---------- GIVEN DATA

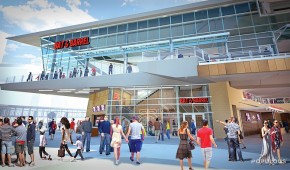 Target Field - Projet de rénovation du Bat and Barrels - copyright Populous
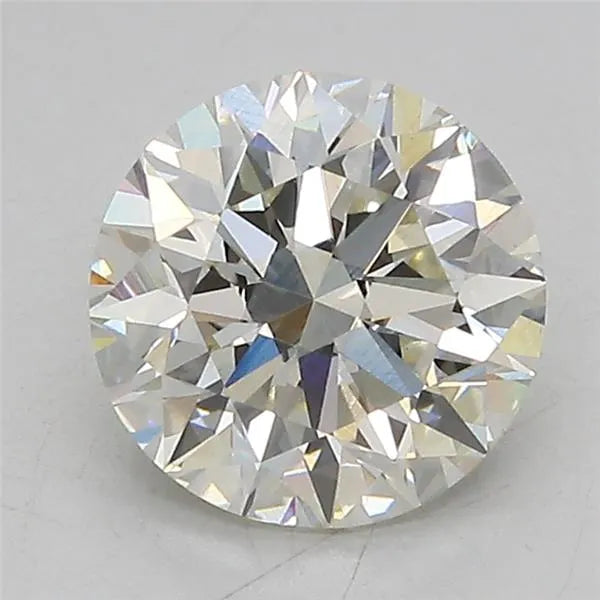 2.00ct Round Lab Grown Diamond (Colour J, Clarity VS1, Cut EX, IGI Certified)
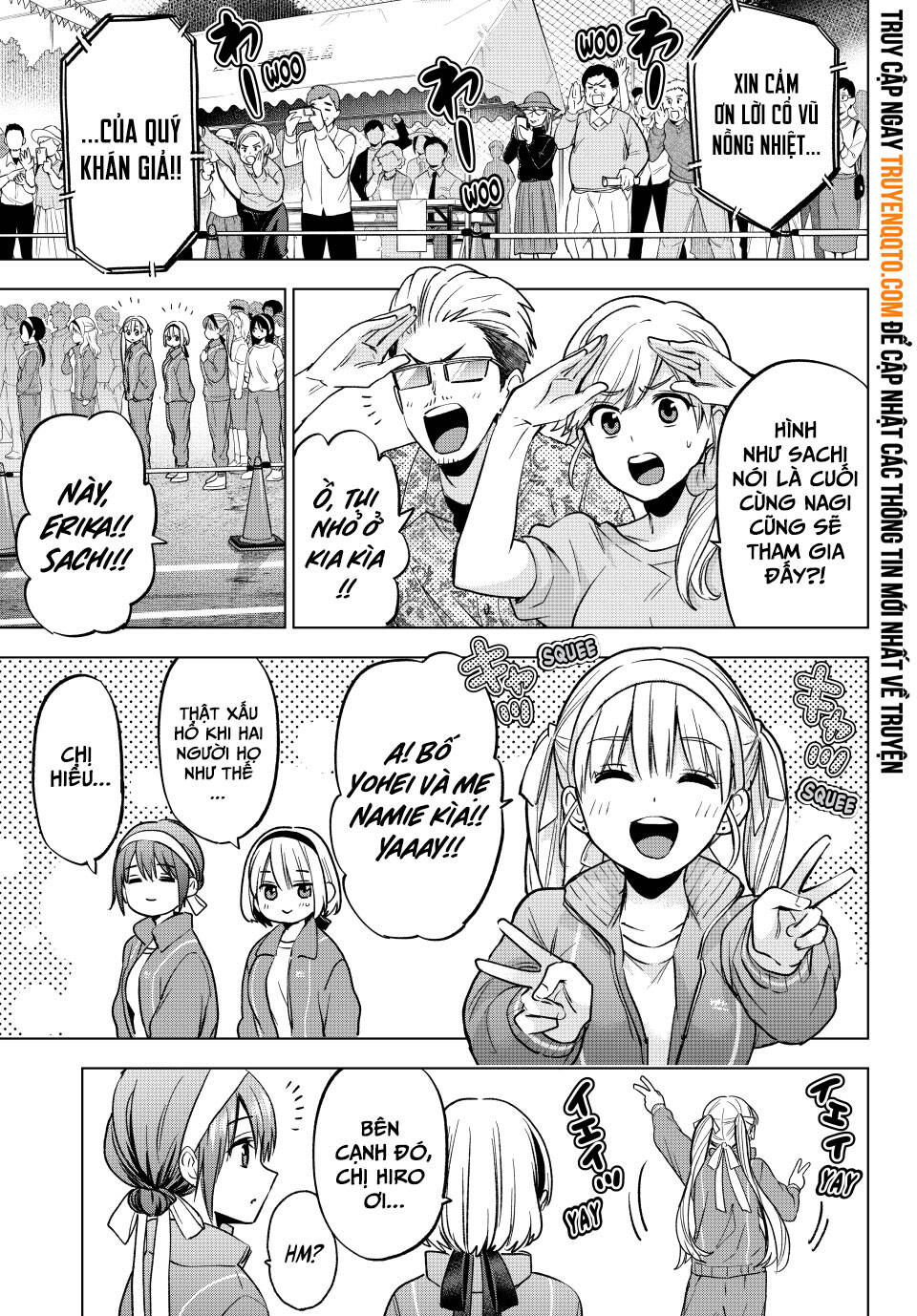 Kakkou No Iinazuke chapter 242 - Trang 10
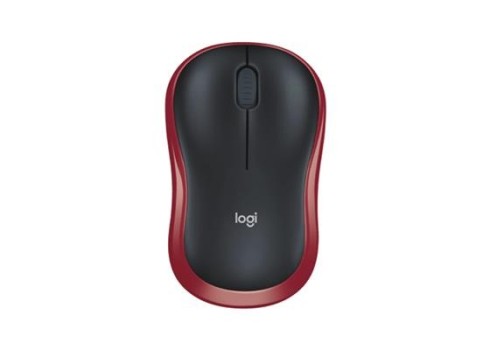 Juhtmeta Hiir Logitech M185, punane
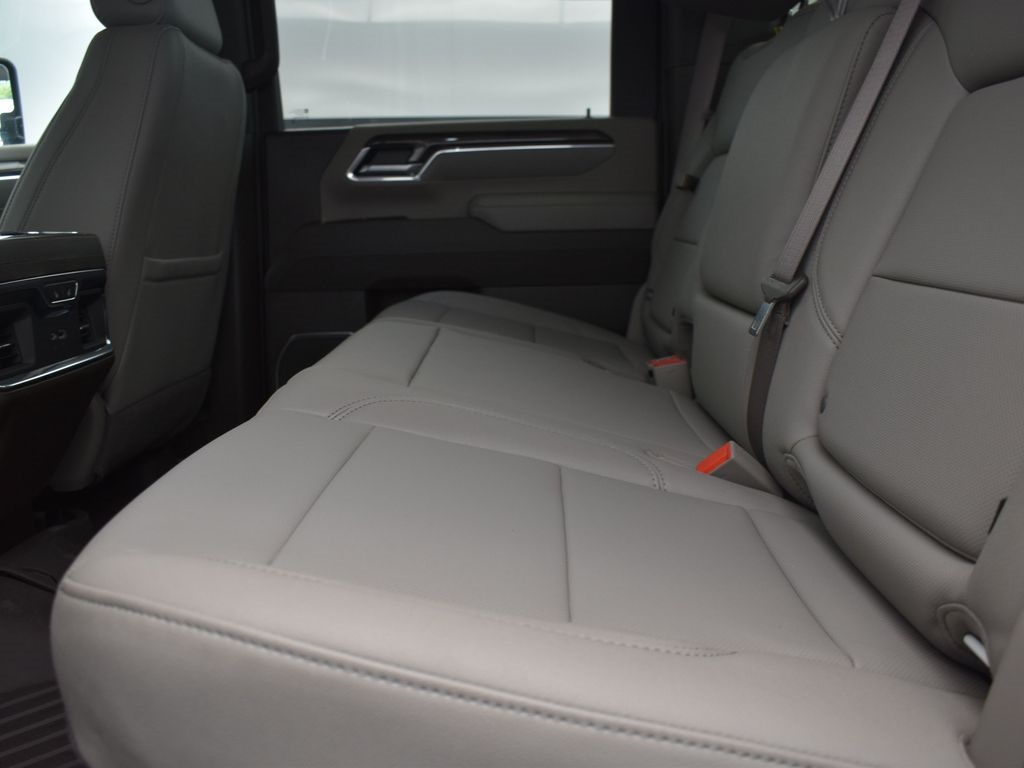 2025 Summit White Chevrolet Silverado 2500HD LTZ 4X4 Truck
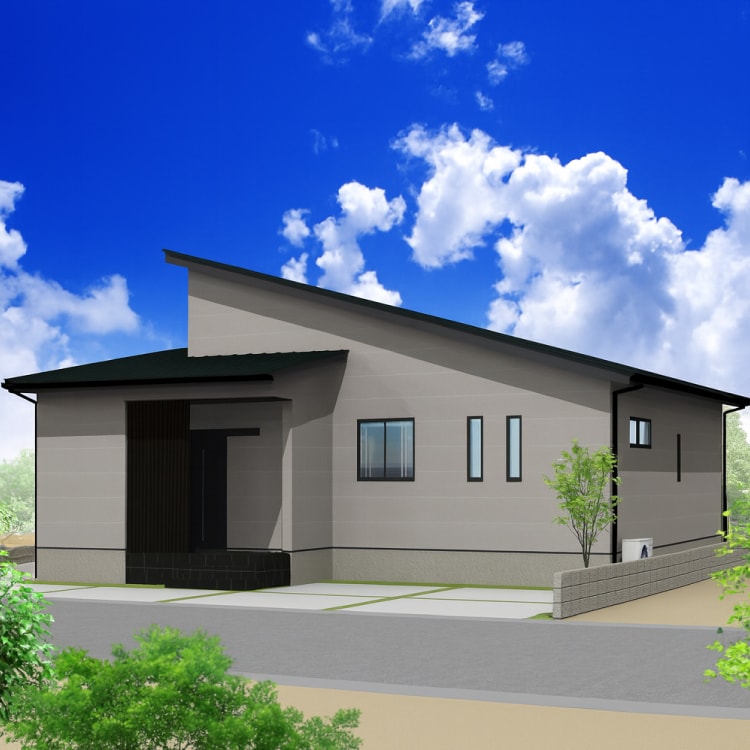 モデルハウスの画像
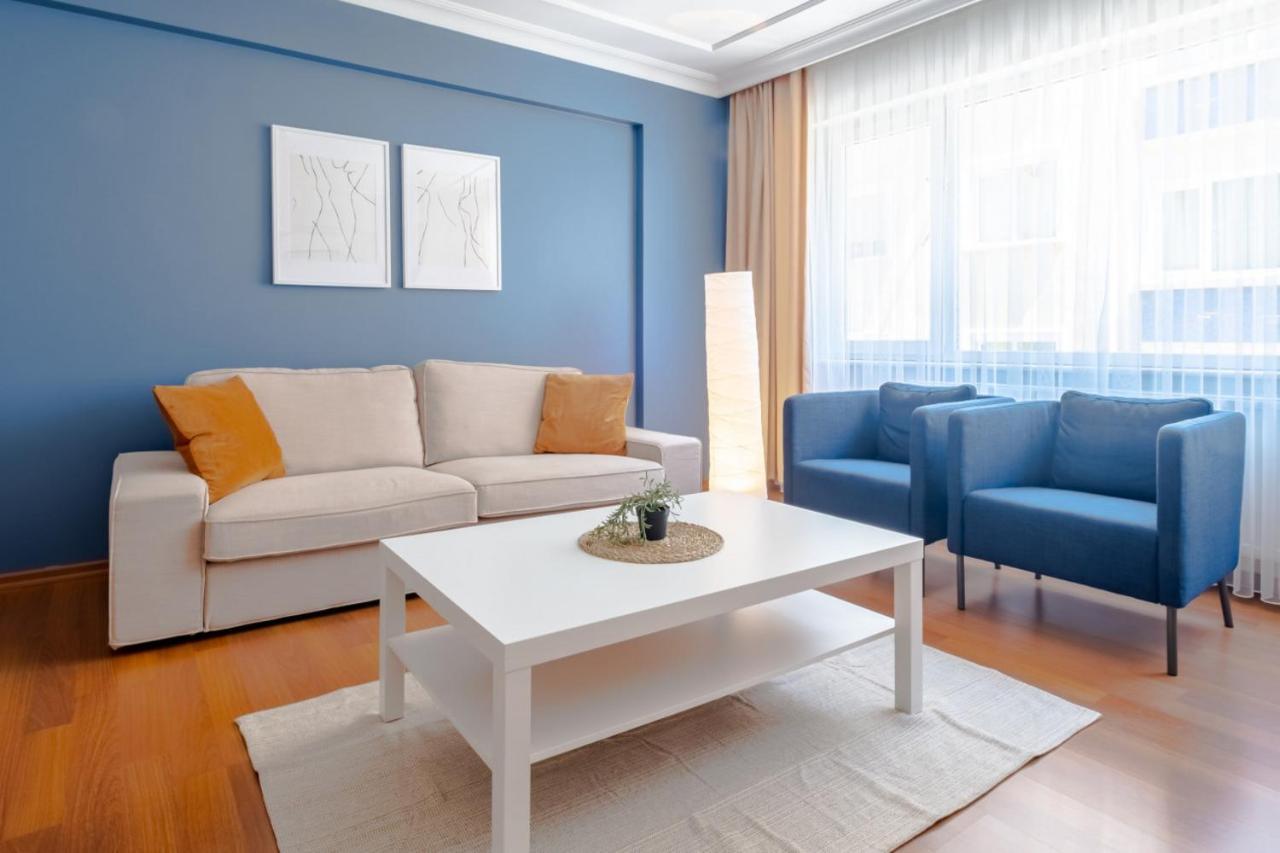 Splendid Flat With Central Location In Sisli Istambul Exterior foto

--------------------

**WHAT YOU HAVE TO DO:** Return the listing above word for word, with the pictures removed.

**TASK OUTPUT:**
 Target Field - Projet de rénovation du Bat and Barrels - copyright Populous
 2.00ct Round Lab Grown Diamond (Colour J, Clarity VS1, Cut EX, IGI Certified)
 Kakkou No Iinazuke chapter 242 - Trang 10
 Juhtmeta Hiir Logitech M185, punane
 2025 Summit White Chevrolet Silverado 2500HD LTZ 4X4 Truck
 モデルハウスの画像
 Splendid Flat With Central Location In Sisli Istambul Exterior foto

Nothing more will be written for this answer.